Written by Don Byrd
The Tennessee legislature is considering a bill that would allow faith-based child placement agencies to refuse to provide services if they have a religious objections, even if they are funded by taxpayers. In response, a Nashville Juvenile Court judge wrote an op-ed, published by the Tennessean this week, urging legislators and the Governor to reject the proposal, which she calls “a great disservice to the approximately 8,500 children currently in foster care in Tennessee.”
Judge Sheila Calloway emphasized that not only will this measure impact the ability of same-sex couples to become foster parents, it will also such agencies to make that determination on the basis of their religion. Here is an excerpt from her powerful op-ed (my emphasis):
This legislation, if passed, would allow agencies to reject prospective foster or adoptive parents simply because of their personal identities or beliefs. In addition to permitting discrimination against prospective foster parents, the legislation would also open the door for agencies to refuse services to youth whose religious views differ from that of the agency, including LGBTQ youth.

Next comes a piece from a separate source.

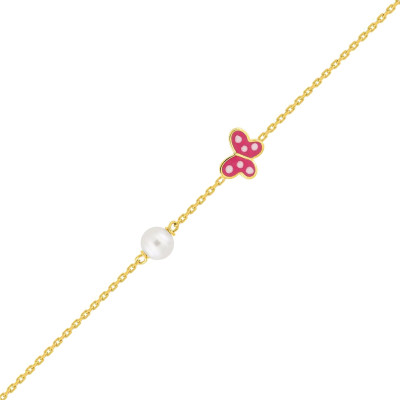 Bracelet Enfant Perle & Papillon, Or jaune 750 - Bambins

To be clear, the potential for discrimination inherent in these bills isn’t limited to the LGBTQ community. The legislation also expressly allows discrimination against people of various faiths and people with no religious beliefs. Adoption agencies in other states have used similar reasoning to attempt to block Catholic and Jewish parents from fostering and adopting children.
We should not open the door for this type of regressive religious discrimination in Tennessee.
As the piece goes on to note, other states that have enacted similar legislation have been subject to costly legal battles (see previous posts about recent legal disputes in Pennsylvania, Michigan, and South Carolina).
The Baptist Joint Committee has long opposed any form of taxpayer-funded religious discrimination, including in the context of child placement services. “Government-funded placement programs,” BJC Executive Director Amanda Tyler stated earlier this year, “should not be allowed to exclude qualified foster parents based on religion.”